* EXERCISE INSTRUCTIONS:
Each entry below is to be given again word for word, with no pictures.

[Start of Attachment]

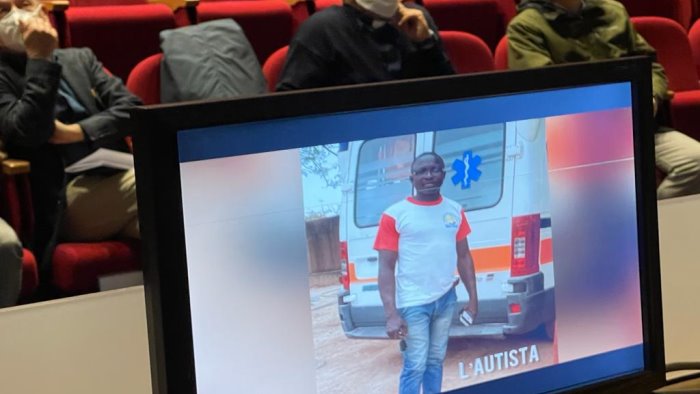 il moscati dona un ambulanza e arredi scolastici al villaggio in burkina faso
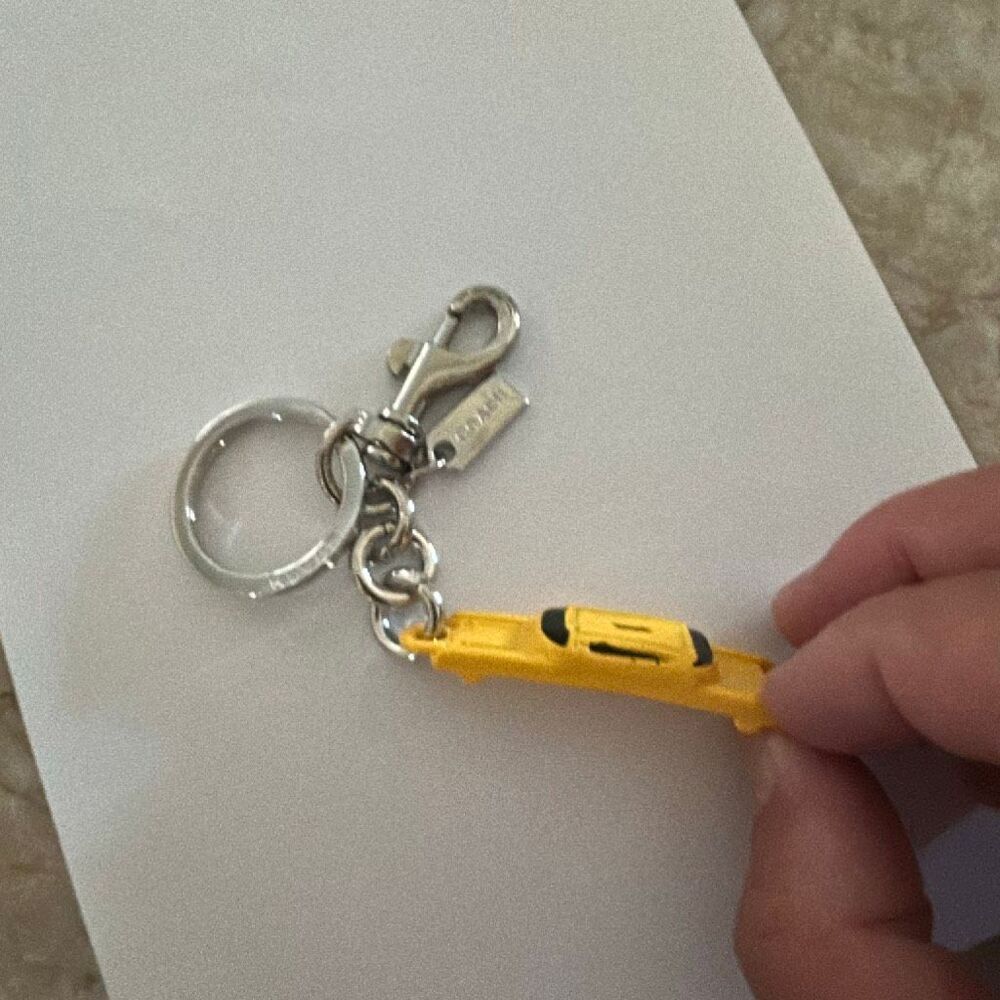 Yellow Taxi Keychain - Picture 2 of 5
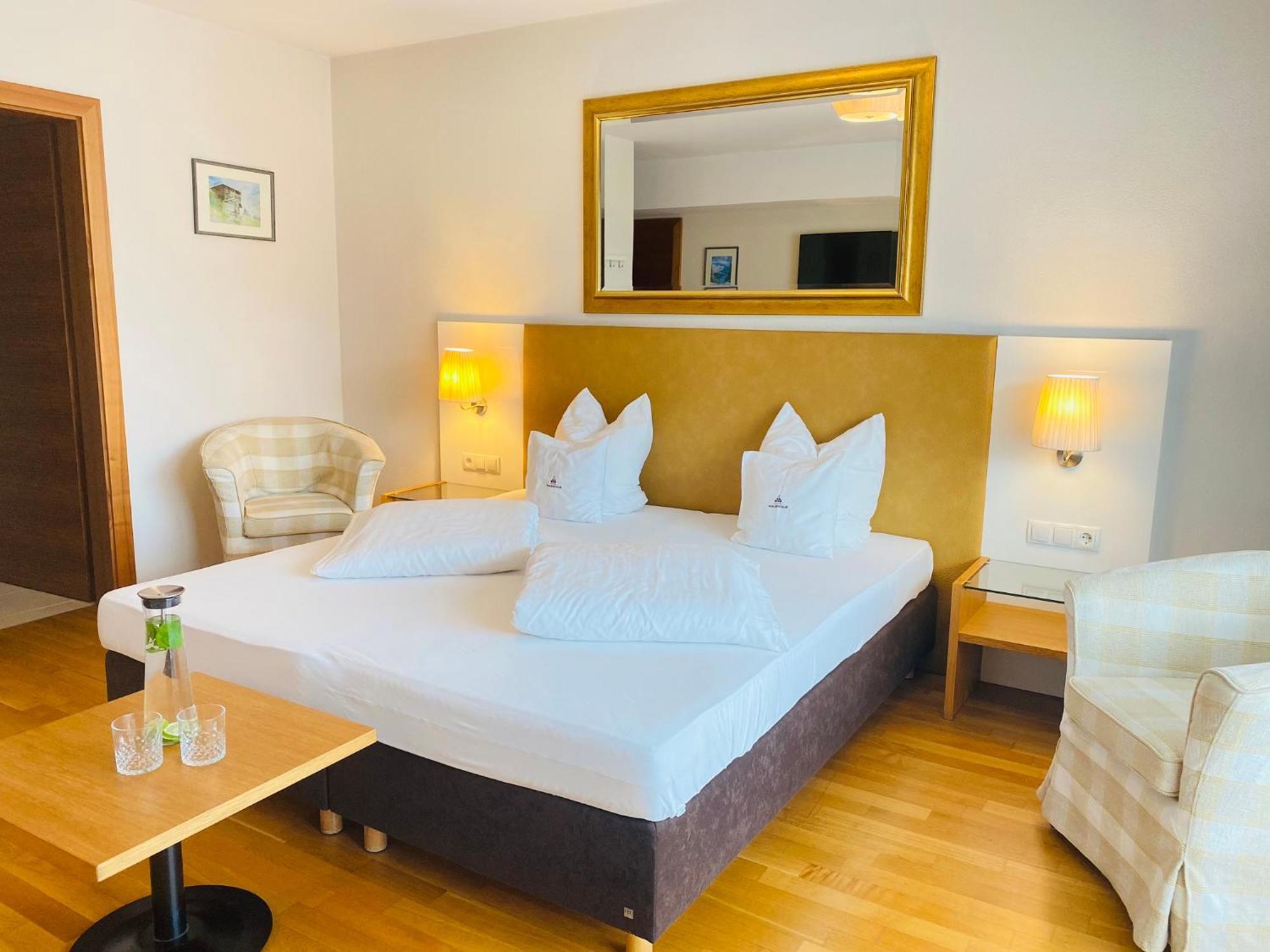 Hotel Malerhaus Fügen Dış mekan fotoğraf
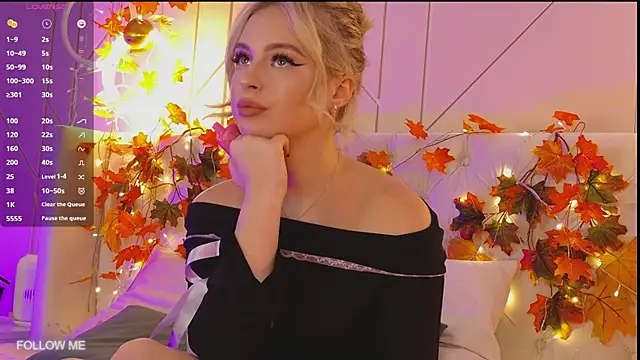 EllyLinn's cam snapshot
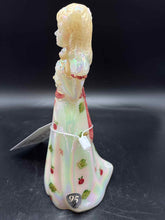 Load image into Gallery viewer, Fenton Glass Iridescent Ivory 1 Piece Figurine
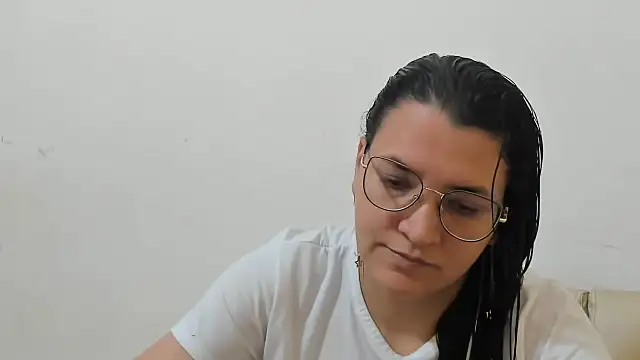 MARILYN GARCIA online show from 01-11-26, 04:14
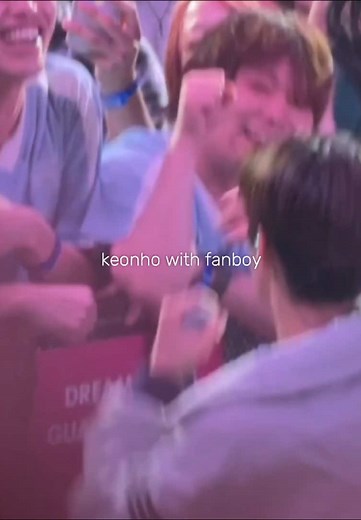 Keonho's Adorable Moments with Fanboys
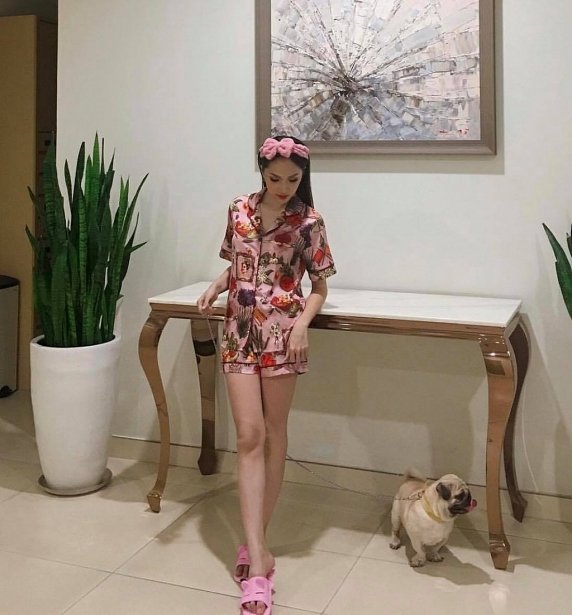 sao-viet-hom-nay-tran-thanh-ngot-ngao-ki-niem-1000-ngay-yeu-nhau-voi-hari-won
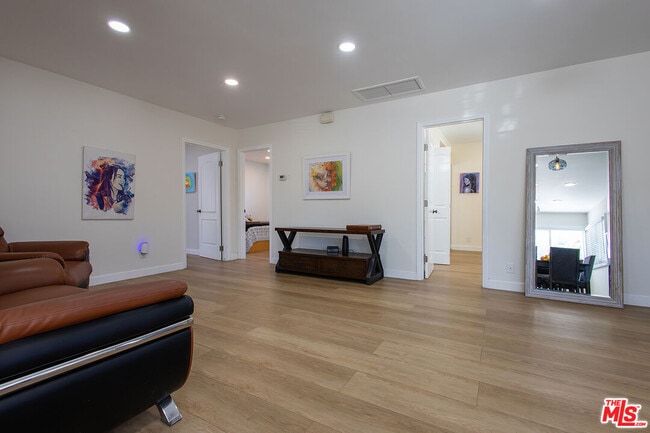 Building Photo - 5123 Noble Ave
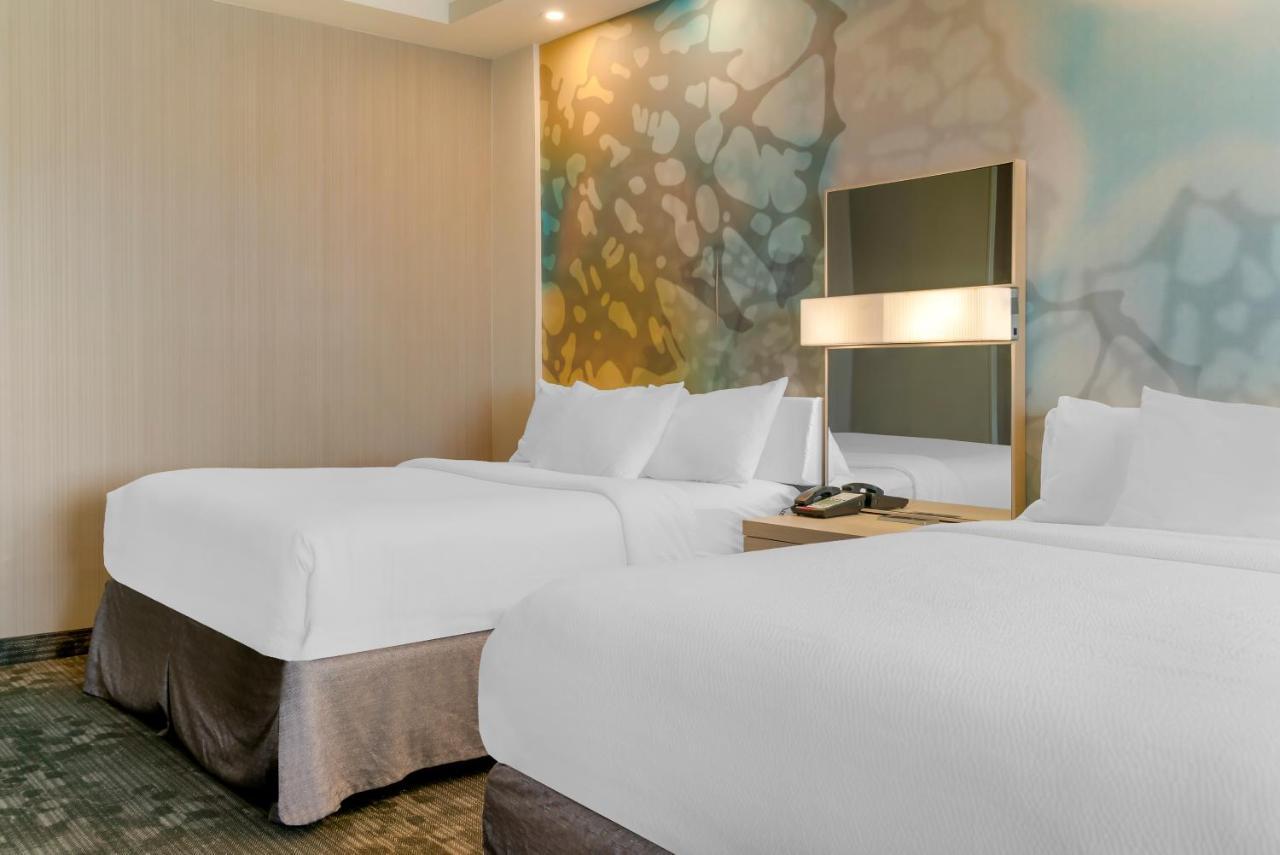 Courtyard By Marriott Toledo North Hotel Bagian luar foto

[End of Attachment]

* PROBLEM SOLUTION:
 il moscati dona un ambulanza e arredi scolastici al villaggio in burkina faso
 Yellow Taxi Keychain - Picture 2 of 5
 Hotel Malerhaus Fügen Dış mekan fotoğraf
 EllyLinn's cam snapshot
 Load image into Gallery viewer, Fenton Glass Iridescent Ivory 1 Piece Figurine
 MARILYN GARCIA online show from 01-11-26, 04:14
 Keonho's Adorable Moments with Fanboys
 sao-viet-hom-nay-tran-thanh-ngot-ngao-ki-niem-1000-ngay-yeu-nhau-voi-hari-won
 Building Photo - 5123 Noble Ave
 Courtyard By Marriott Toledo North Hotel Bagian luar foto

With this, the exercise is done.